Hello,
Testing the functions within an assistant/thread architecture since a few days, I encountered an issue on the formatting of the output JSON of the function calling.
When providing for example the following parameters to my function, the output sometimes is valid, sometimes not. (following the output the library user, for example in nodejs, would be able to JSON.parse it)
The AI has to generate language in the right way when it produces the text that will call a function.
It is subject to the same token sampling methods, where default temperature and default top-p allows alternate and random tokens to be generated.
For example, the first character to put inside your json, there might be 80% certainty that it should start with ", but that also leaves 20% certainty of “command” or other tokens.
You can do two things:
increase the probability. Clear property names and descriptions that are not confusing. System messages such as “namespace tools API must use valid JSON format”.
decrease the alternates. An API parameter such as top-p = 0.8 discards the tail of remaining 20% token logits, and it can be set even lower and still have some language creativity.

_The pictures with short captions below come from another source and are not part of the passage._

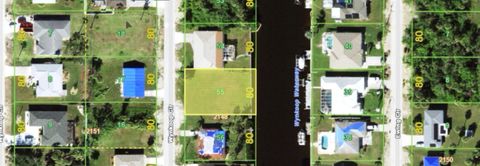 4366 WYNKOOP CIRCLE PORT CHARLOTTE FL 33948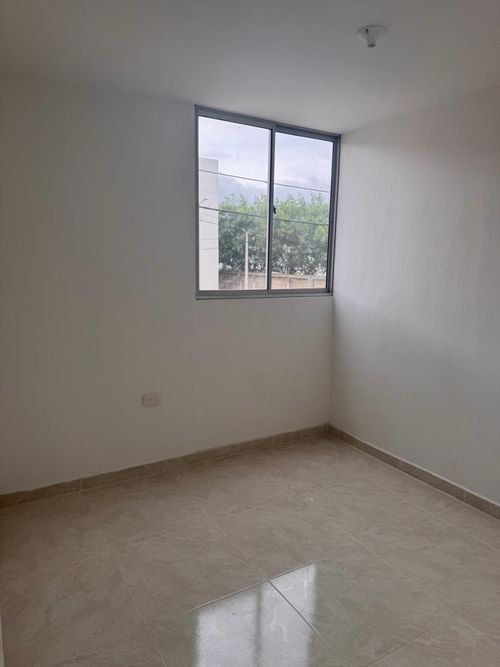 Apartamento de 3 alcobas en venta en Villa Antigua, Villa del Rosario, 51 m² · foto 6 de 16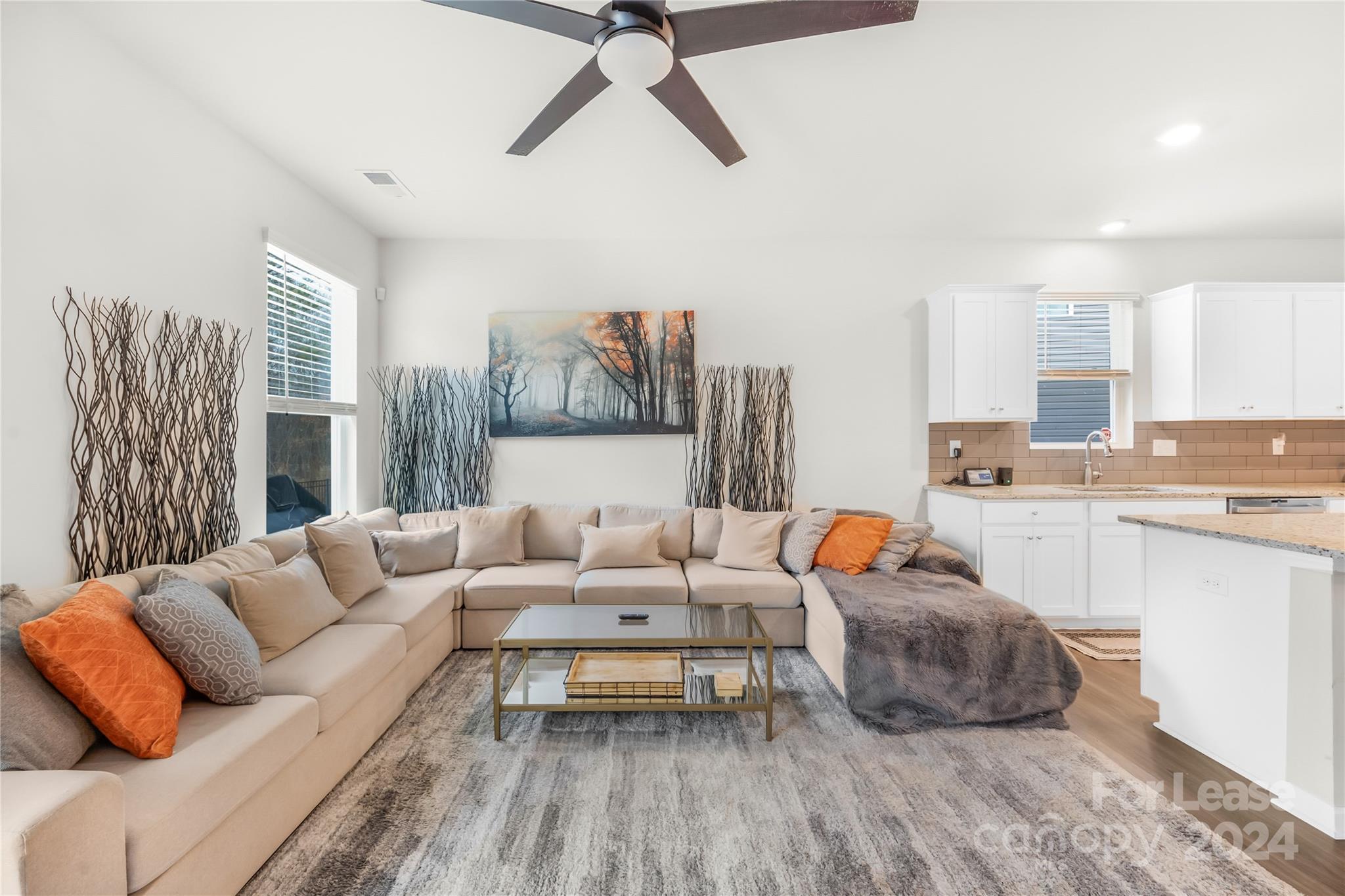 Selwyn Landing - Residential Lease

Agree. In your instructions, be explicit that the assistant “must strictly adhere” to the JSON format.
I have been using function calling to generate a JSON string with multiple properties as input for an SQL query. It is tricky but following multiple tests I have found that being as detailed and specific as you can in instructions can make all the difference. Also, if for certain properties you require specific values, then one way is to either list those values in the functions property, for example.
“property name”: {
“type”: “string”,
“description”: “blablabla (choose from: value A, value B, value C, value D)”

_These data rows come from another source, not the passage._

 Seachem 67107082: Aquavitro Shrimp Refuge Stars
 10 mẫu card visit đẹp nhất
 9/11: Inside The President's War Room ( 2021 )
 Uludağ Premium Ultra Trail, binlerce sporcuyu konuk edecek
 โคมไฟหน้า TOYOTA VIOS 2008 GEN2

If you have a longer list of values, then it can also work to upload the list of acceptable values in a file and then explicitly state in your instructions that the assistant must chose from the list of values specified in the file for a certain property in the JSON string.

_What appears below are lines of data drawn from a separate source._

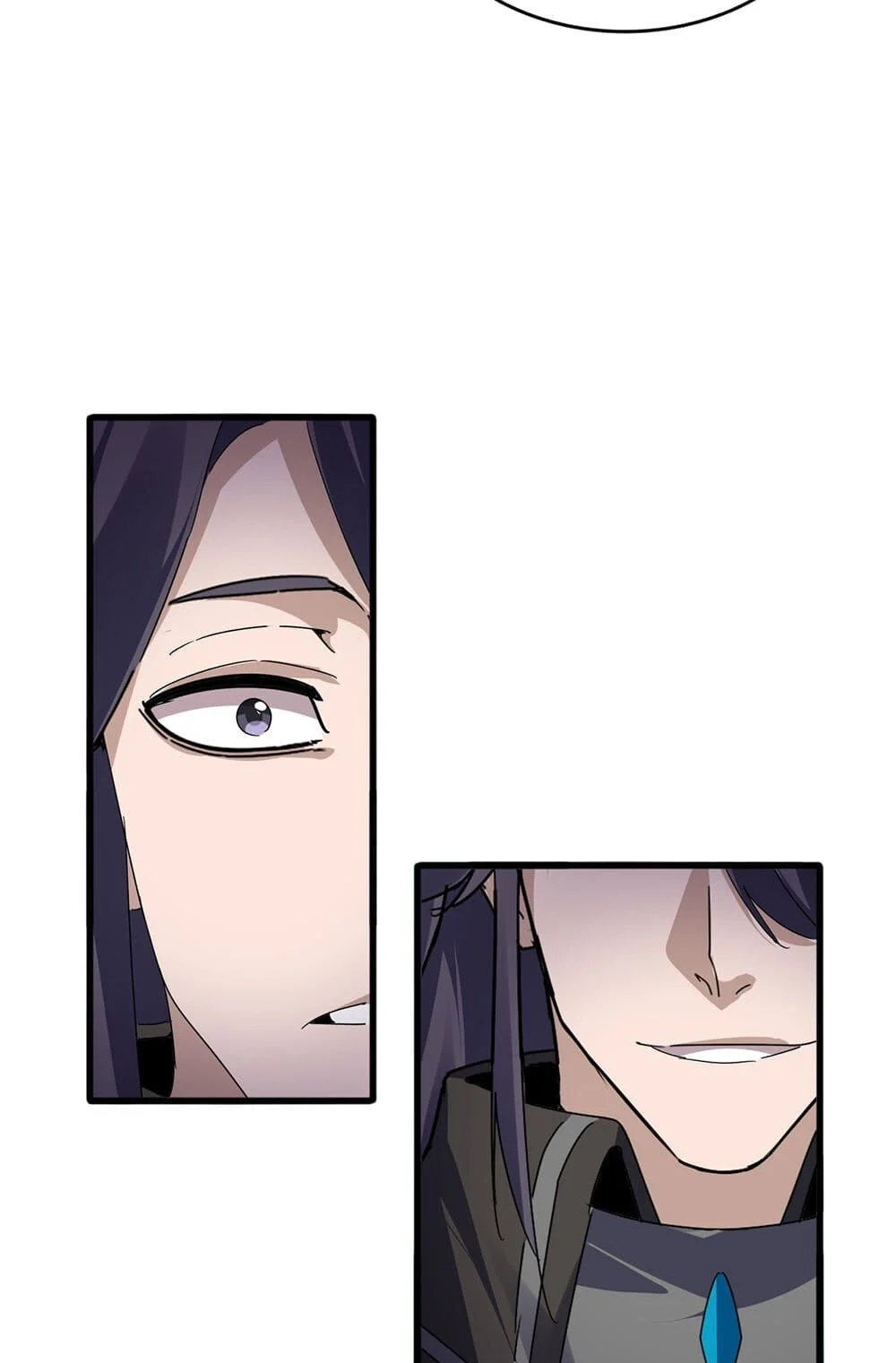 Magic Emperor ราชาจอมเวทย์ ตอนที่ 700 page 19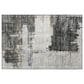 Dalyn Rug Company Trevi TV18 1"8" x 2"6" Gray Area Rug, , large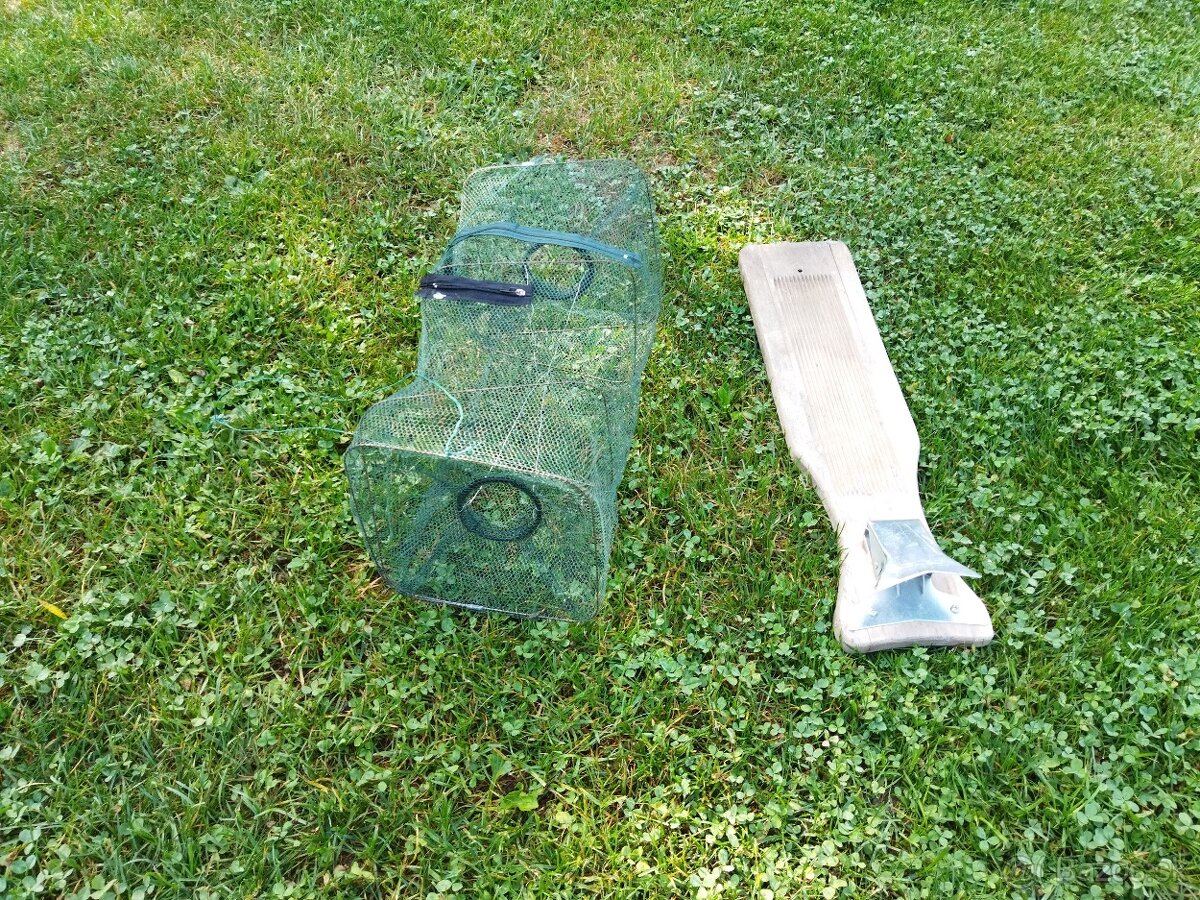 navijaky, udice,bundy... - 4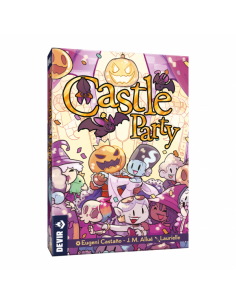 Castle Party
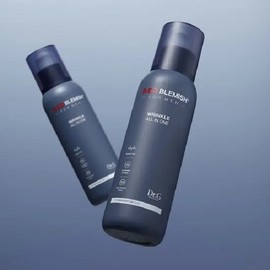 Dr.G Red Blemish for Men Elasticity All-in-One 150ml (+30ml added) / 닥터지 레드 블레미쉬 포 맨 탄력 올인원 150ml (+30ml 추가)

I tried a few optimizations, mainly asking the model to adhere to JSON strict formatting and also by touching a bit the proabilities, but I want to keep the language as maximum creative on my test case.
I ended to add a library such as jsonrepair between the function call output and its JSON parse to sanitize the output before any use. Works like a charm
IMHO functions being supposed to be formatted, such sanitization should be done on the SDK side before.